Introducing CQRS
- 9/10/2014
The query stack
Let’s delve a bit deeper into the two pipelines that make up the CQRS architecture. In doing so, another key aspect that drives the adoption of CQRS in some highly collaborative systems will emerge clearly—the necessity of dealing with stale data.
The read domain model
A model that deals only with queries would be much easier to arrange than a model that has to deal with both queries and commands. For example, a prickly problem we hinted at in Chapter 8, “Introducing the domain model,” is brilliantly and definitely solved with the introduction of a read-only domain model.
Why you need distinct models
The problem was summarized as follows. The Order class has an Items property that exposes the list of ordered products. The property holds inherently enumerable content, but which actual type should you use for the Items property? The first option that probably comes to mind is IList<T>. It might work, but it’s not perfect. So let’s put ourselves in a Domain Model scenario and assume we want to have a single model for the entire domain that is used to support both queries and commands. Also, let’s say we use a plain list for the Items property:
public IList<OrderItem> Items { get; private set; }
The private setter is good, but it prevents only users of an Order from replacing it. Any code that gets an instance of Order can easily add or remove elements from it. This might or might not be a legitimate operation; it depends on the use-case. If the use-case is managing the order, exposing order items through a list is just fine. If the use-case is showing the last 10 orders, a list is potentially dangerous because no changes to the order are expected.
On the other hand, if you expose the list as a plain enumeration of order items, you have no way to create an order and add items to it. In addition, individual items are still modifiable through direct access:
public IEnumerable<OrderItem> Items { get; private set; }
Things don’t change even if you use ReadOnlyCollection<T> instead of IEnumerable. A Microsoft .NET Framework read-only collection is read-only in the sense that it doesn’t allow changes to the structure of the collection. Furthermore, if the read-only collection is created as a wrapper for a regular list, changes to the underlying list do not affect the read-only wrapper. Here’s an example where order items are exposed as a read-only collection but methods still make it possible to populate the collection:
public class Order { private readonly IList<OrderItem> _items; public Order() { _items = new List<MOrderItem>(); } public ReadOnlyCollection<OrderItem> Items { get { return new ReadOnlyCollection<OrderItem>(_items); } } public void Add(int id, int quantity) { _items.Add(new OrderItem(id, quantity)); } } public class OrderItem { public OrderItem(int id, int quantity) { Quantity = quantity; ProductId = id; } public int Quantity { get; /*private*/ set; } public int ProductId { get; /*private*/ set; } }
However, direct access to elements in the collection is still possible—whether it is gained during a for-each loop, out of a LINQ query, or by index:
foreach (var i in order.Items) { i.Quantity ++; Console.WriteLine(i); }
To prevent changes to the data within the collection, you have to make the setter private.

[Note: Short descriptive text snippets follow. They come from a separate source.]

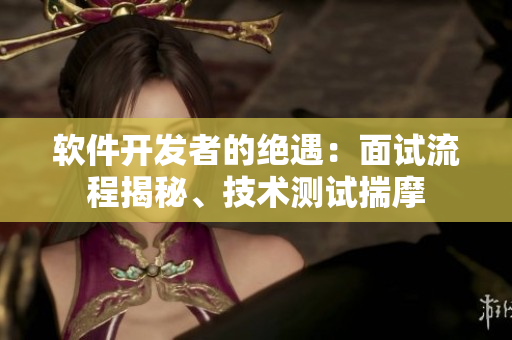 軟件開發(fā)者的絕遇：面試流程揭秘、技術測試揣摩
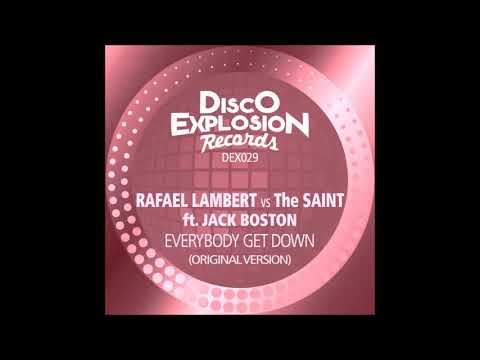 Rafael Lambert, The Saint feat. Jack Boston - Everybody Get Down (Original Version)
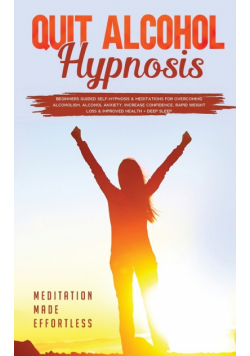 Quit Alcohol Hypnosis Beginners Guided Self-Hypnosis &amp; Meditations For Overcoming Alcoholism, Alcohol Anxiety, Increase Confidence, Rapid Weight Loss &amp; Improved Health + Deep Sleep
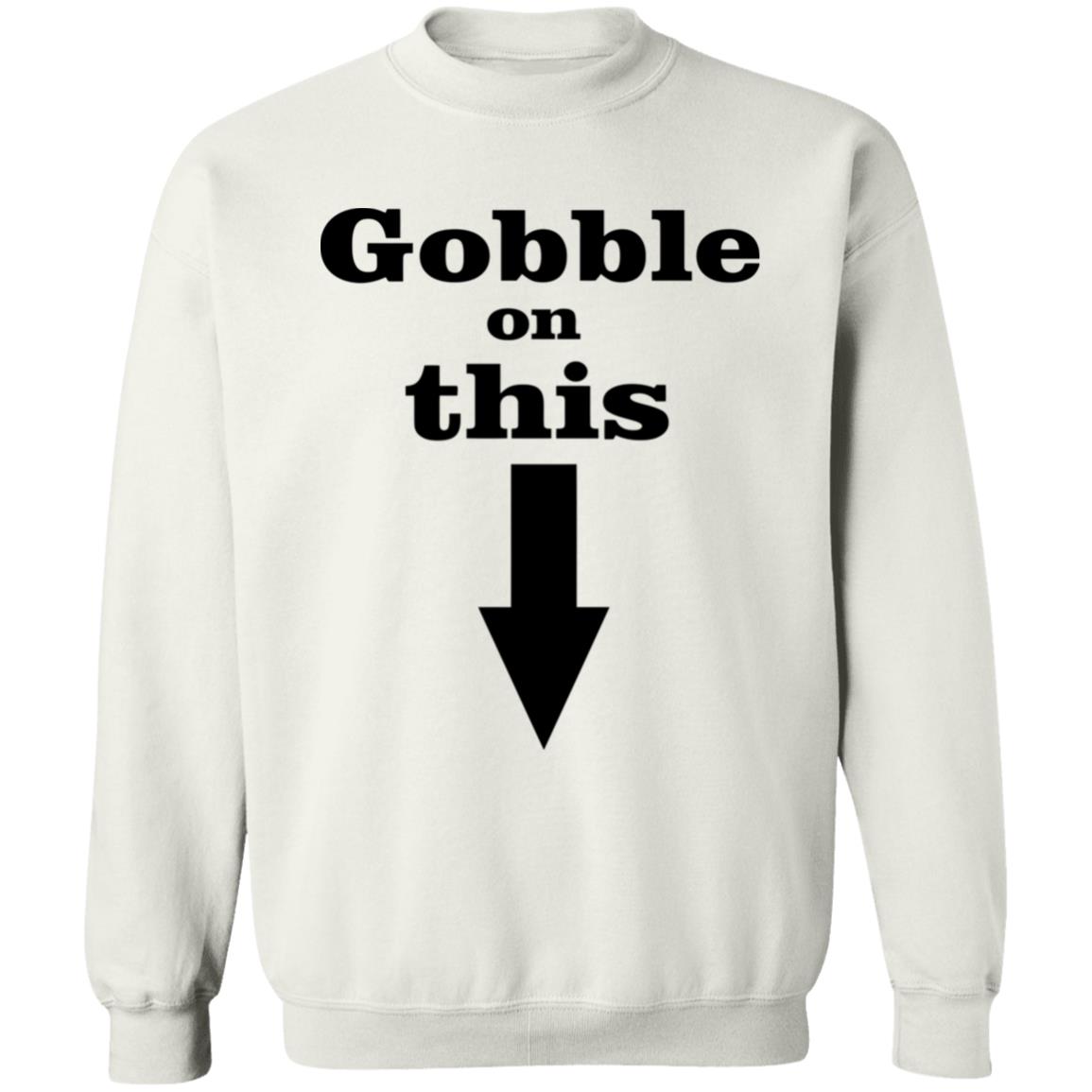 Gobble On This T Shirt White Hoodie Sweatshirt - Teechipus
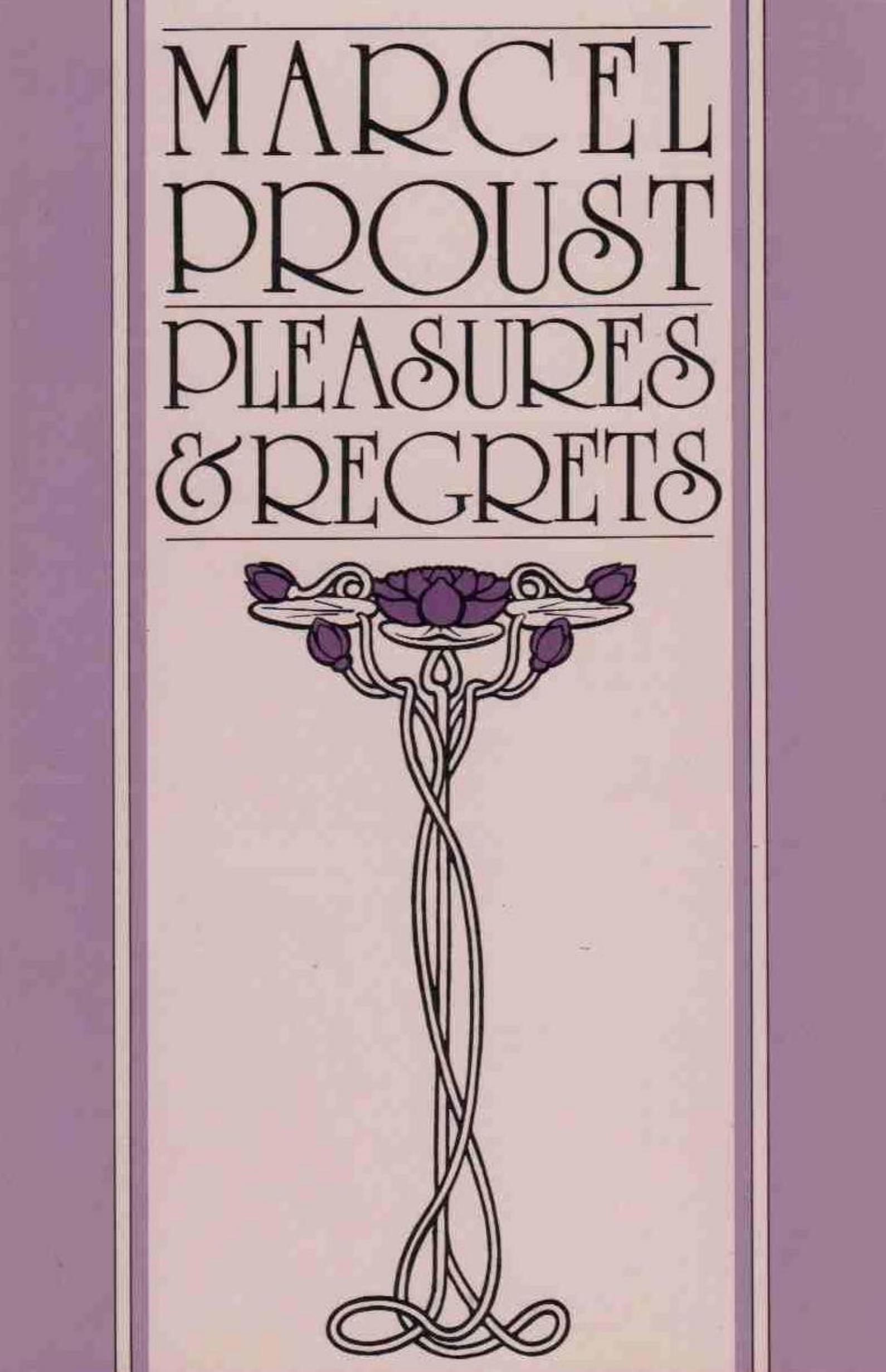 Pleasures and Regrets by Marcel Proust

This would work beautifully if it weren’t for yet another possible issue. Is it worthwhile to turn the OrderItem entity of the domain model into an immutable object?
Classes in the domain model are modified and made more and more complex because they can be used interchangeably in both query and command scenarios. Using the read-only wrapper, ultimately, is the first step toward making a read version of the Order entity.
From a domain model to a read model
When your goal is simply creating a domain model for read-only operations, everything comes easier and classes are simpler overall. Let’s look at a few varying points.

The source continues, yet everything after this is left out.